In 2020 Greens Creek produced 10.5 million troy ounces of silver, 48,500 troy ounces of gold, 56,800 tons of zinc and 21,400 tons of lead.
Proven and Probable Reserves at Greens Creek in 2020 were 111.4 million troy ounces of silver, 828,000 troy ounces of gold, and 652,420 tons of zinc contained in 8.978 million tons of ore grading approximately 12 opt silver, 0.09 opt gold, 7.4% zinc, and 2.8% lead. Exploration continues on surrounding lands. The mine is the largest taxpayer in the Juneau Borough. Two hundred and eighty people are employed by the mine, three-quarters of whom are residents of Southeast Alaska. Most mine workers commute from Juneau on a high-speed ferry operated by the company, which departs Juneau at 5:00AM and 5:00PM daily.

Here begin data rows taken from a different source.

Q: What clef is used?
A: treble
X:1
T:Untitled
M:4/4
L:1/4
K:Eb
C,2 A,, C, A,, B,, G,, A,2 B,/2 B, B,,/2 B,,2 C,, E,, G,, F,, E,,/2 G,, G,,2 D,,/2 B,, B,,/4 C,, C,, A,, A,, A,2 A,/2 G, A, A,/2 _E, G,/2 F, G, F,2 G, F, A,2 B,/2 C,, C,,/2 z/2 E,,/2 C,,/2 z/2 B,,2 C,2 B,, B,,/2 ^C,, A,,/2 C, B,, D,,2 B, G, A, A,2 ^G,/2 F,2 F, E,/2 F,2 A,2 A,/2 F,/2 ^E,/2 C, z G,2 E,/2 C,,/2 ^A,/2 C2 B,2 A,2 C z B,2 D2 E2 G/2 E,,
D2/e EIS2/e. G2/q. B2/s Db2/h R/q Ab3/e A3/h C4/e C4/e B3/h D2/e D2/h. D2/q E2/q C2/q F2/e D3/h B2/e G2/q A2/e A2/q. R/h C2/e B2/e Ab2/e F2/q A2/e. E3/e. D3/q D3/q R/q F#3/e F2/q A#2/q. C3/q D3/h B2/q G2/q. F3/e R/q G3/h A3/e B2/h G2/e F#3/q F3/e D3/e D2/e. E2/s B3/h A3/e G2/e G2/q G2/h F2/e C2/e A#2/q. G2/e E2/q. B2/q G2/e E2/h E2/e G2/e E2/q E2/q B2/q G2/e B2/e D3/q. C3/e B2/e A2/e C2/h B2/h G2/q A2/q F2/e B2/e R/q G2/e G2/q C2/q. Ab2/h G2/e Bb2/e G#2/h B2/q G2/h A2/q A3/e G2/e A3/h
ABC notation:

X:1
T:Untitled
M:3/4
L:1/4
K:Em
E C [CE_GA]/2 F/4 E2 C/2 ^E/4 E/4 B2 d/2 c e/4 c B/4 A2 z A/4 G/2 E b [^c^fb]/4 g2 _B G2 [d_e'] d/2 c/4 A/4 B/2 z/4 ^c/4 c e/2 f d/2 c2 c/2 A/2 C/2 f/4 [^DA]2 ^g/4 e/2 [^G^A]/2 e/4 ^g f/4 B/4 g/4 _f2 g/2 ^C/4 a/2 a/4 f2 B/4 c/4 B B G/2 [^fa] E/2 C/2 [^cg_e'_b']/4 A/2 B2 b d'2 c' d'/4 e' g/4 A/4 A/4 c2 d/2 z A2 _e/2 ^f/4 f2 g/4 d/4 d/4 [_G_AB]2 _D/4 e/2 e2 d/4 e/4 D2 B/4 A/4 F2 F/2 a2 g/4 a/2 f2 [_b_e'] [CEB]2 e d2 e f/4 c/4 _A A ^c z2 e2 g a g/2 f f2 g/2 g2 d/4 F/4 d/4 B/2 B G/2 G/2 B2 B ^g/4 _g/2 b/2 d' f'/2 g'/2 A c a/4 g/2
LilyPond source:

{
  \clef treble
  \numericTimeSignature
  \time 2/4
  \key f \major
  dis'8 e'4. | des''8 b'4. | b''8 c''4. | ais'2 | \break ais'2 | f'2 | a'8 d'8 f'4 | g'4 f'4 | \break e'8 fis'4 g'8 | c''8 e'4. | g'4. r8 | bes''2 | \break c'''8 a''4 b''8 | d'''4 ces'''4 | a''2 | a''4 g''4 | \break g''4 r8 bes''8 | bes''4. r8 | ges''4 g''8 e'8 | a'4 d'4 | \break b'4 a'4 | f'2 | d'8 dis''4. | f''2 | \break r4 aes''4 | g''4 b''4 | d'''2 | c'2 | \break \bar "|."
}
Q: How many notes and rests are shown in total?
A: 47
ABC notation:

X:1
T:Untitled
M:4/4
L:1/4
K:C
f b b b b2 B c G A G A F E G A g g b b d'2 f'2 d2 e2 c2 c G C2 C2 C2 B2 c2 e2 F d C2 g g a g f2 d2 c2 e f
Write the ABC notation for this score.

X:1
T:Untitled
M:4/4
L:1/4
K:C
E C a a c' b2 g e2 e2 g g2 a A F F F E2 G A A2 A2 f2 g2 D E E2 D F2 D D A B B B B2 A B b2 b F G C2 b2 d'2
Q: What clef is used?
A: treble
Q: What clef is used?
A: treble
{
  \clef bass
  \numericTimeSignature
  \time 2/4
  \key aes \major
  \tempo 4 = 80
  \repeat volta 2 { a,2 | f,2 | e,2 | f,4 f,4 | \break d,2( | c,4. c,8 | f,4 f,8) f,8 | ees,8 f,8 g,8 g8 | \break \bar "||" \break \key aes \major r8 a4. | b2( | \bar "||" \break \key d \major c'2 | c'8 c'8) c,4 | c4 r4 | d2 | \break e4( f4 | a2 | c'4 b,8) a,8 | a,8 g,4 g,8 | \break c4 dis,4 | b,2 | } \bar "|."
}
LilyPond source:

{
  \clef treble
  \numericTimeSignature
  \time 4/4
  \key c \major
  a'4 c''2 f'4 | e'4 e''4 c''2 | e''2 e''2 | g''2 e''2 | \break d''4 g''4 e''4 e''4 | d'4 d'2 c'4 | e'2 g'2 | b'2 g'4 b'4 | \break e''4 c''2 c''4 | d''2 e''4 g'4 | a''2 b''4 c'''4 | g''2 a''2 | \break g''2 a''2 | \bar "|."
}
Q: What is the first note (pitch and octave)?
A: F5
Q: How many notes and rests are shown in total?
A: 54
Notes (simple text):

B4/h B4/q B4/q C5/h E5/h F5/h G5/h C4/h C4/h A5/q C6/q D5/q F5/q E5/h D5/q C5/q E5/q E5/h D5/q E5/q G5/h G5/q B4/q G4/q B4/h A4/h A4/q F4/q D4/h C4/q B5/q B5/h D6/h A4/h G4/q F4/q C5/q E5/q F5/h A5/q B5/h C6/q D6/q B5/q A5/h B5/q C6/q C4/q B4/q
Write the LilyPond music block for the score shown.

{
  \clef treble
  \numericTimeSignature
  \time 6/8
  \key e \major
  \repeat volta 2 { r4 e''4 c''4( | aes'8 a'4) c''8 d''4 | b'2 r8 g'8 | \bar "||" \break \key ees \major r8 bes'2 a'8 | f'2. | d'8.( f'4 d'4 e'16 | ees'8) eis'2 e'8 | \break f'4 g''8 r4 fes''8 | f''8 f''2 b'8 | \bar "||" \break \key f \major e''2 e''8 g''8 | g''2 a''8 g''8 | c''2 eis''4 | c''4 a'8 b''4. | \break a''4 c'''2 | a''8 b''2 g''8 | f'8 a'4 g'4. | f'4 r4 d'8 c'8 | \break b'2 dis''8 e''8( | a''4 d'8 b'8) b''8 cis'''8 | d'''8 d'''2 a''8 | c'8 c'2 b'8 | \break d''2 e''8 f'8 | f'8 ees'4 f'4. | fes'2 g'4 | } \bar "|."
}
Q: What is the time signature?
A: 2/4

Metal sulfides were deposited by hydrothermal fluids on or in the sea floor of a tectonically-active basin. The deposit exhibits features of both VMS and SEDEX models. Most of the ore body is zinc-lead-silver-gold rich; some zones have elevated copper values. The deposit is hosted in metamorphosed, multiply deformed, and hydrothermally-altered mainly marine Triassic sediments and mafic volcanic rocks within the exotic Alexander terrane. Mineralization occurs as discontinuous vein or blanket-like bodies of laminated or replacement-textured massive sulfides; roughly along a structural lithology contact in the sediments. Pyrite, sphalerite, galena, and tetrahedrite/tennantite are the major sulfide minerals.